Another way is to use snapshot. You can create a snapshot on your old server. Copy the snapshot files from the old server to new server in the same location. On the new server create the same snapshot on the same location. You will find the snapshot file you copied. You can restore it using that. Doing it using command line can be a bit cumbersome. You can use a plugin like kopf which will make taking snapshot and restore as easy as button click.
Given Elasticsearch cluster with several machines, I would want to have a single machine(special node) that is located on a different geographical region that can effectively sync with the cluster for read only purpose. (i.e. no write for the special node; and that special node should be able to handle all query on its own). Is it possible and how can this be done?
With elasticsearch 1.0 (currently available in RC1) you can use the snapshot & restore api; have a look at this blog too to know more.

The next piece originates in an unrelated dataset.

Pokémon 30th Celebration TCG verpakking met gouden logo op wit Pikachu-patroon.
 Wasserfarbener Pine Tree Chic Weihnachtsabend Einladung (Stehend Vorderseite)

You can basically make a snapshot of your indices, then copy the snapshot over to the secondary location and restore it into a different cluster. The nice part is that snapshots are incremental, which means that only the files that have changed since the last snapshot are actually backed up. You can then create snapshots at regular intervals, and import them into the secondary cluster.
If you are not using 1.0 yet, I would suggest to have a look at it, snapshot & restore is a great addition. You can still make backups manually and restore them with 0.90, but you don't have a nice api to do that and you need to do everything pretty much manually.